Samantha Garvey was overjoyed. She didn't think a kid living in a homeless shelter would have a chance in the national Intel science competition, but the 17-year-old Brentwood High School senior was named a semifinalist Wednesday.
Garvey, who spent 2 1/2 years on a marine-life study, is one of 61 Long Islanders with a shot at Intel's top prize: $100,000.
"It's amazing," she said, after learning of the award. "I can't believe it. I was thinking about it the other day and said, 'Nah, it's not going to happen. They pick people in Roslyn, Great Neck, Jericho . . . people who have it all.' "
Garvey -- who lives in a Bay Shore shelter with her parents and her brother and sister, who are 13-year-old twins -- said her family's setbacks are a source of motivation, not just despair.
"I want better, so that's why I do well in school," she said.
While the recognition from Intel surprised the teenager, her mentors said she is a standout.
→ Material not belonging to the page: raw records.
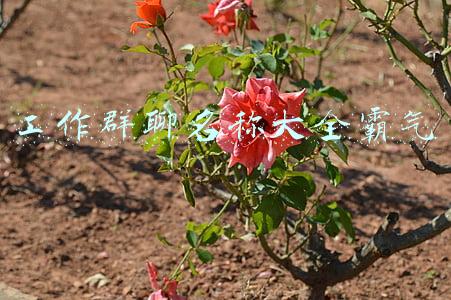 工作群聊名称大全 新颖(大揭秘！原来CNUer们的宿舍群名都这么有趣)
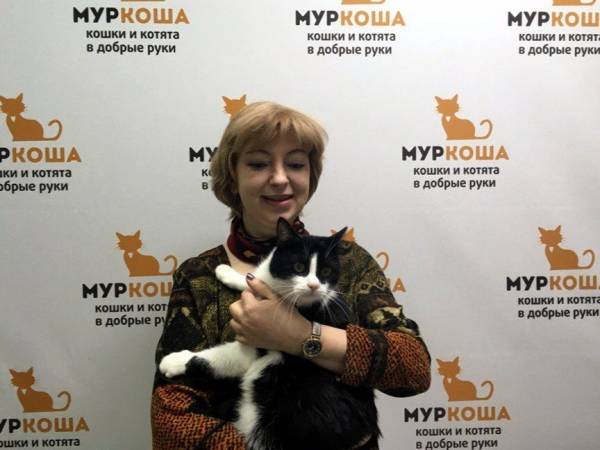 Котик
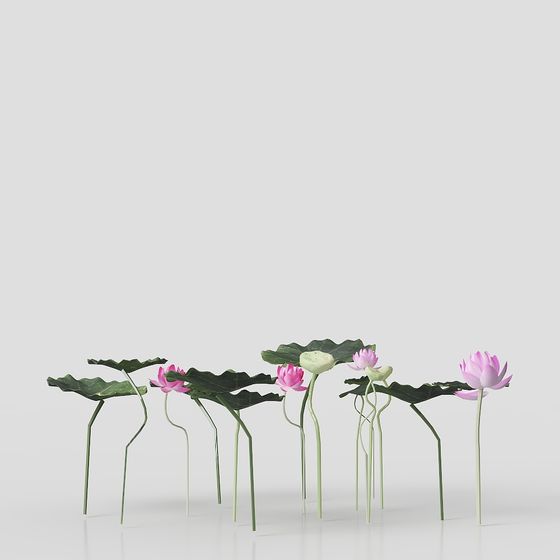 Lotus Leaves and Flowers Low-Poly 3D Model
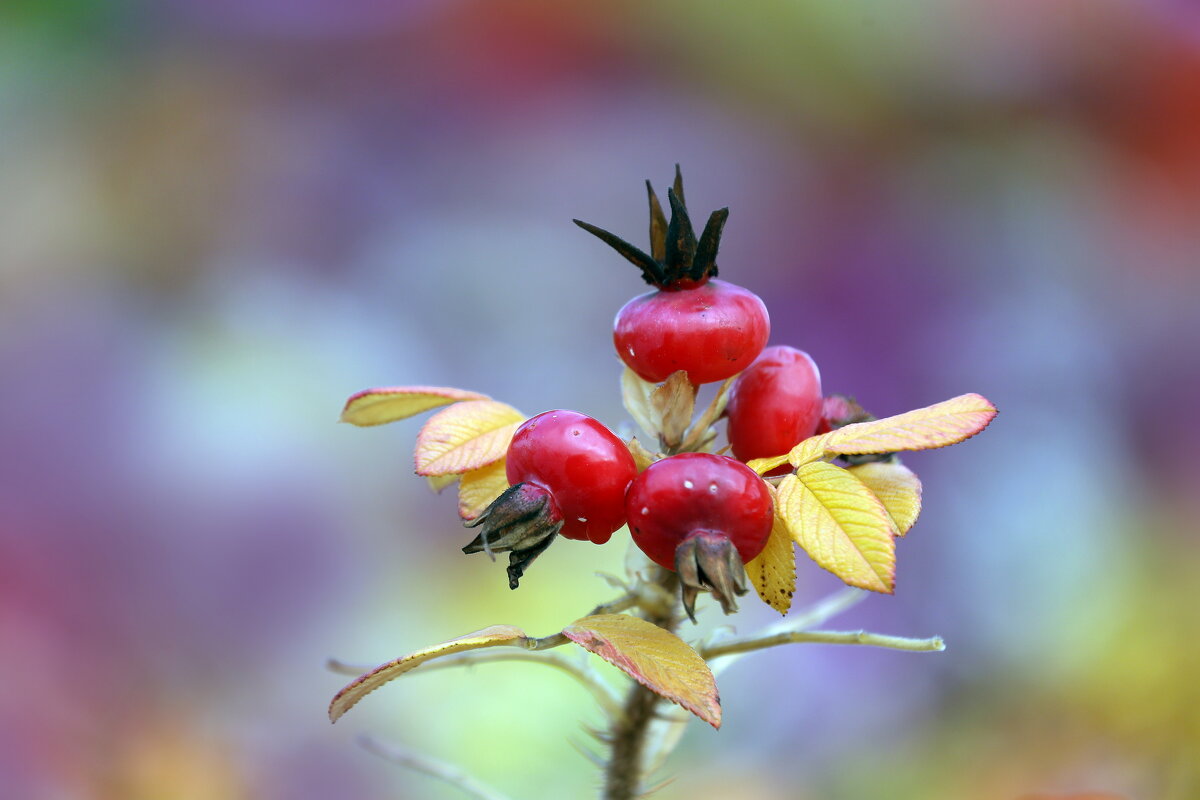 Зарядье 18 октября - Михаил Бибичков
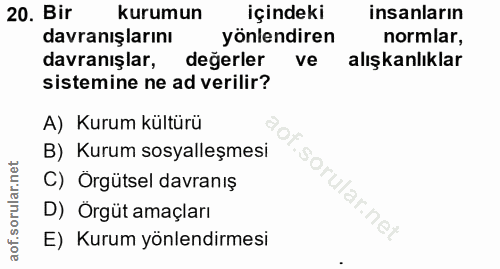 20. soru: Bir kurumun içindeki insanların davranışlarını yönlendiren normlar, davranışlar, degerler ve alışkanlıklar sistemine…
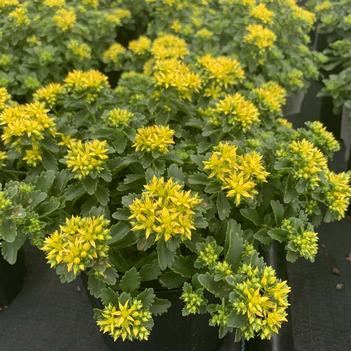 Sedum x 'Little Miss Sunshine' (Walters)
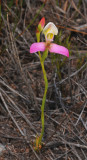 Disa filicornis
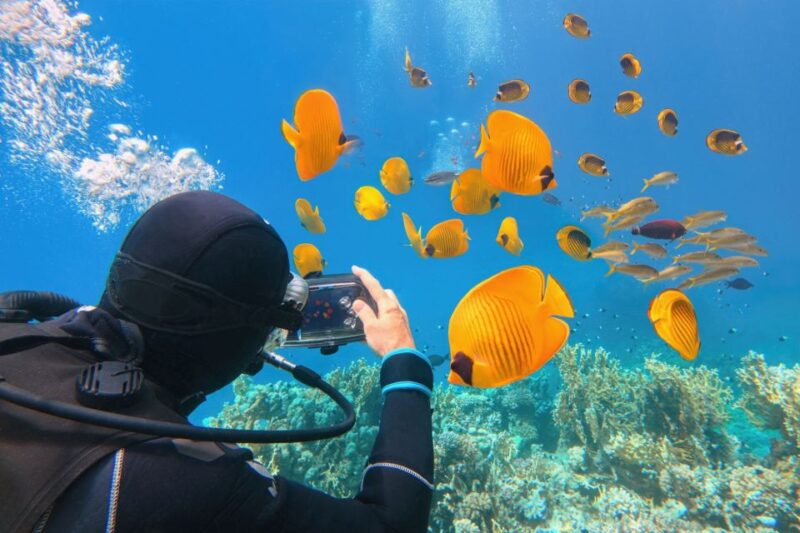 Hurghada: Diving & Snorkeling Cruise Tour W Lunch & Drinks - Good To Know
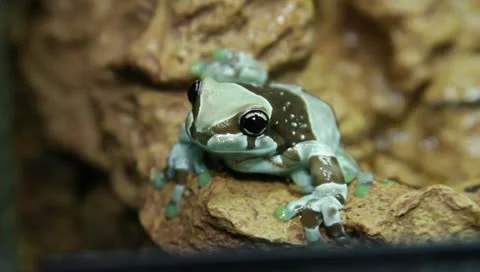 Milk tree frog Stock Footage 11270351
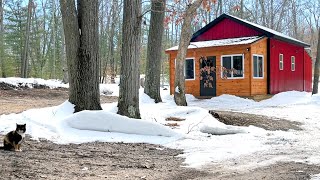 OffGrid Cabin with Secret root cellar hidden pantry amp solid security GREAT IDEAS [upl. by Ydac]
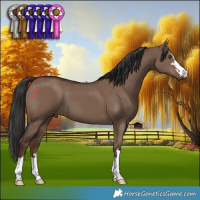 Horse Color:Liver Red Dun 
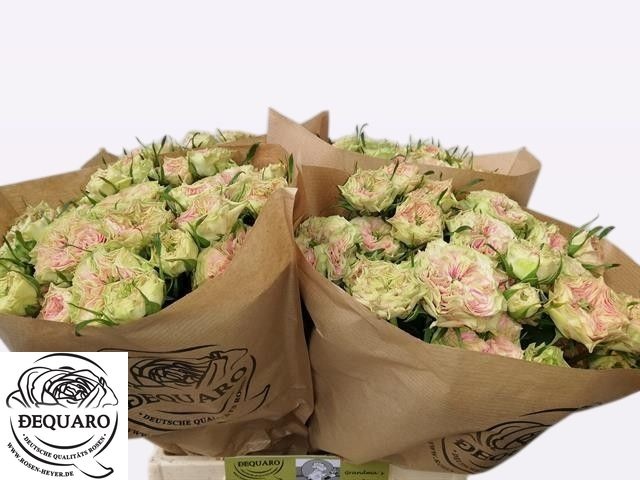 R Tr Grandma F Daisy 40cm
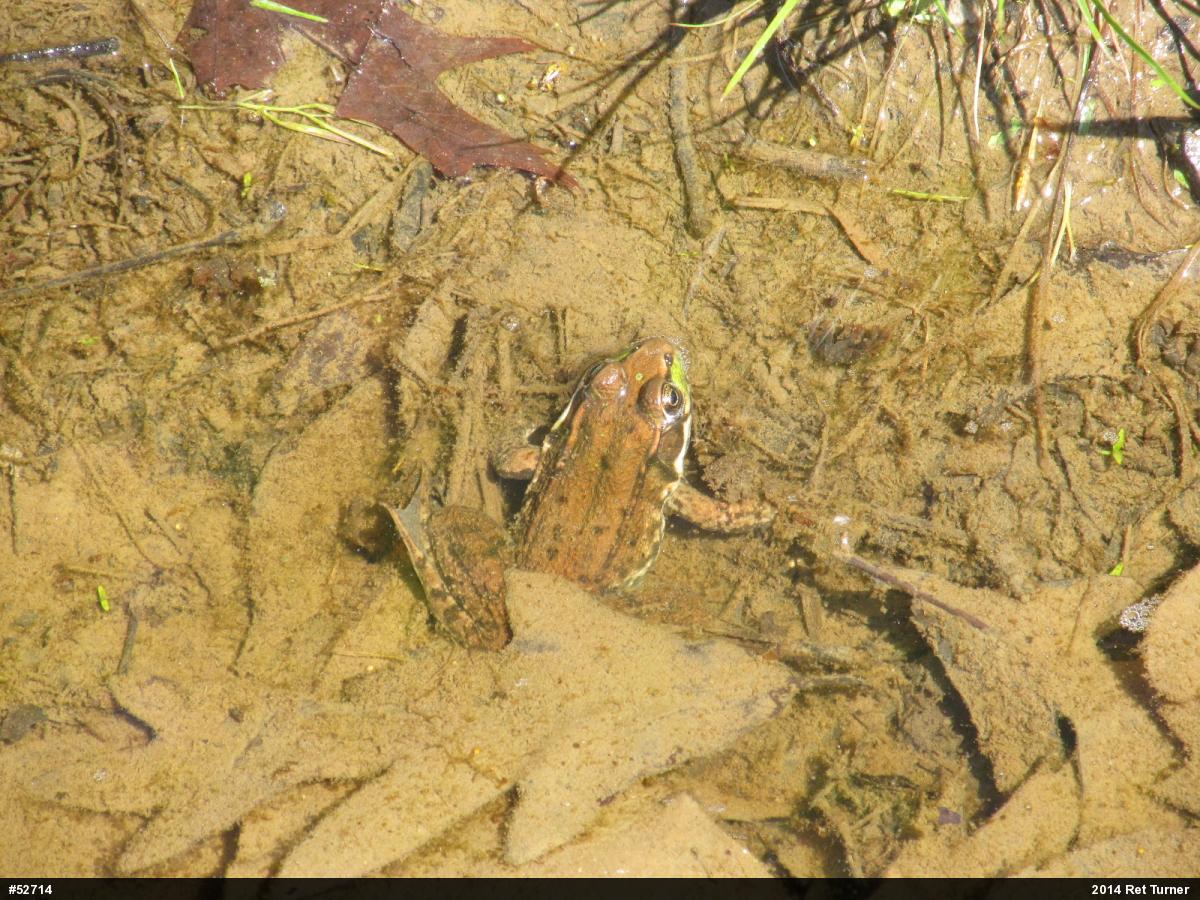 Green Frog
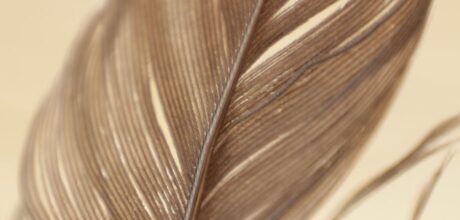 El significado de las plumas y el oro en la religión azteca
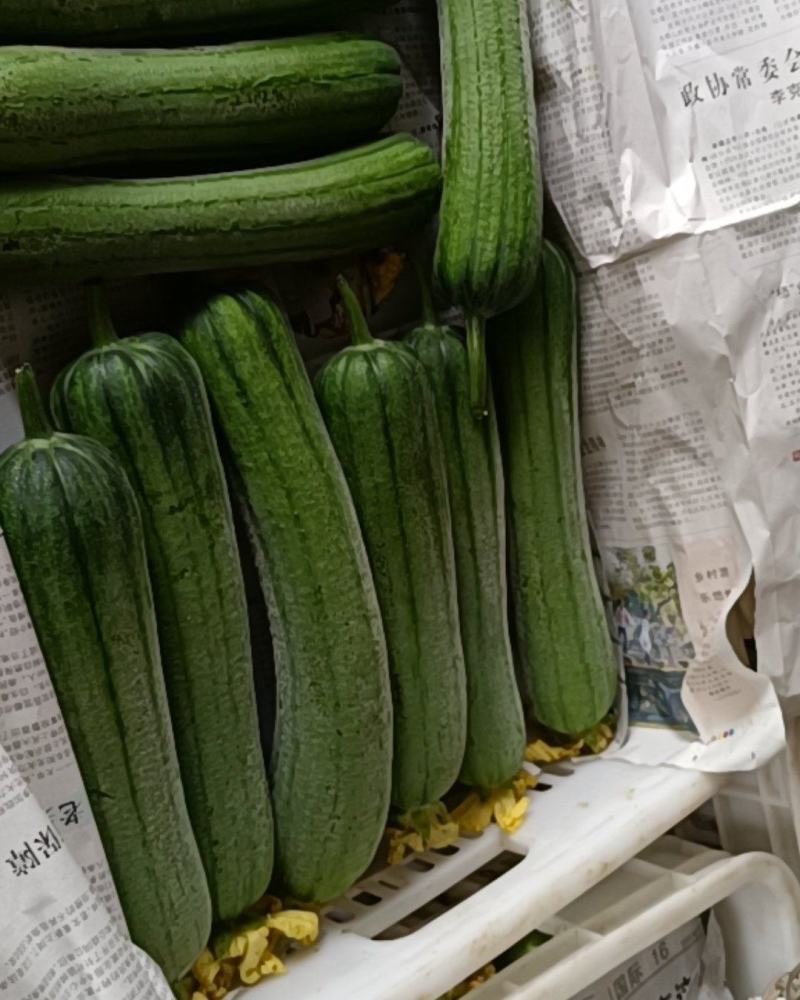 鲜花丝瓜，精品带花肉丝瓜，精品威远鲜花丝瓜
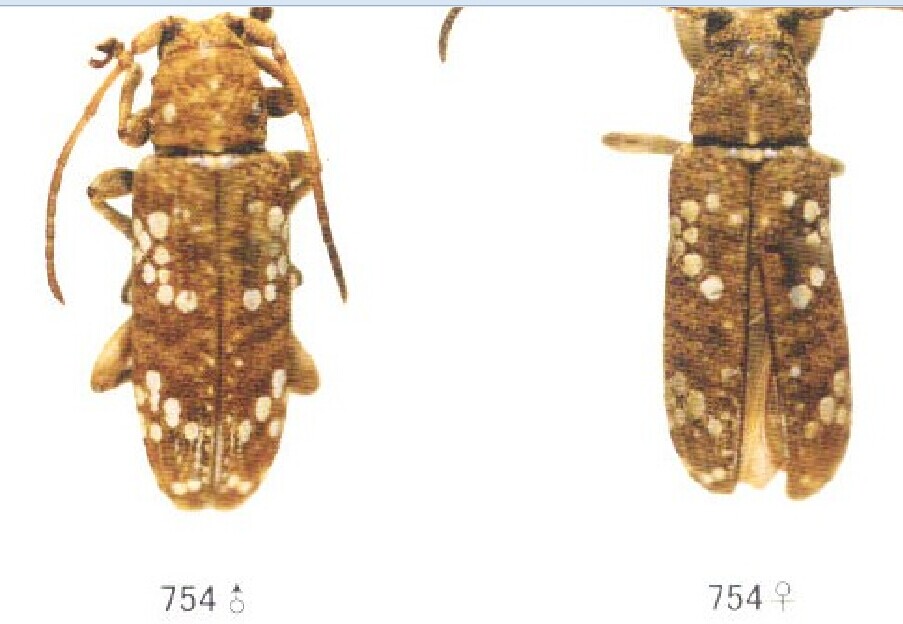 Cerambycoidea Forum - India, Apomecyna histrio vs saltator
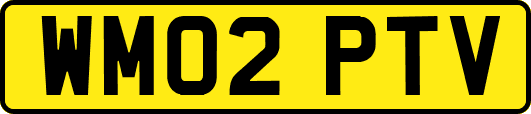 WM02PTV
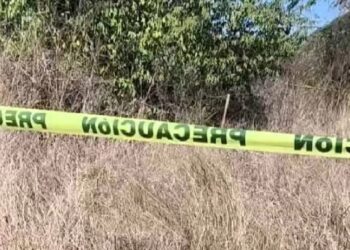 Colectivo de rastreadoras localizan osamenta al sur de Culiacán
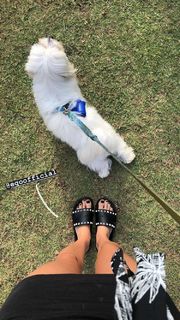 Anna Rita Cerqueira feet photo 2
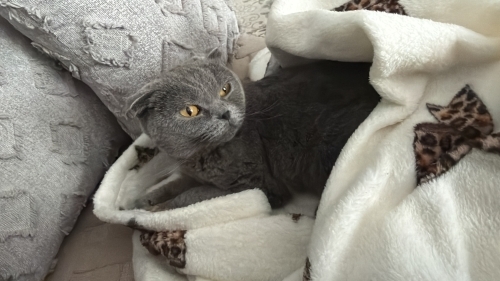 SCOTTISH FOLD CİNS KEDİ AİLESİNİ ARIYOR LÜTFEN ONA YUVA OL fotoğraf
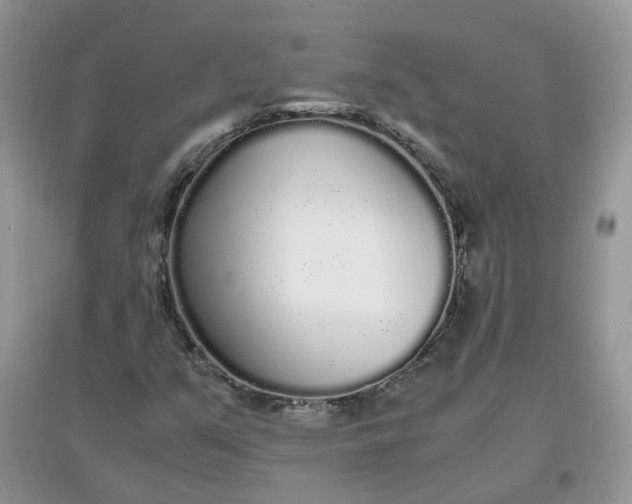 X0000097641351200803142037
"The drive she has is unsurpassable," said Garvey's guidance counselor, Karin Feil. "She has overcome more obstacles than any other student I have seen. She takes advantage of anything offered to her."
Garvey's family first became homeless when she was a little girl, she and her father said. She switched elementary schools three times in a single year.
The Garveys' circumstances eventually improved enough for them to live in the same home for several years. But her parents, Leo and Olga, missed work and lost income after a car accident last February. On New Year's Day, behind on their rent, they were forced out of their house and spent a week in a hotel before going to the shelter.
Garvey acknowledges the trauma of being uprooted and the family's financial stress can make it harder for her to focus on school and her goal of becoming a marine biologist.
"You think about what is going on, where you are going to be, off in the middle of nowhere, stuck in a shelter and it worries you," she said. "The house we were living in had a dog, a cat, turtles. Then one day someone turns around and says, 'You have to leave.'
"What are you going to do with your animals? Yourself?"
The dog, a 4-year-old pit bull named Pulga, is in the pound and will likely be euthanized, Garvey said. The cat is staying with a relative and the turtles are at her cabdriver father's dispatch office. She's hopeful that her parents might find a new home within a month. She's not sure what will happen to her pets.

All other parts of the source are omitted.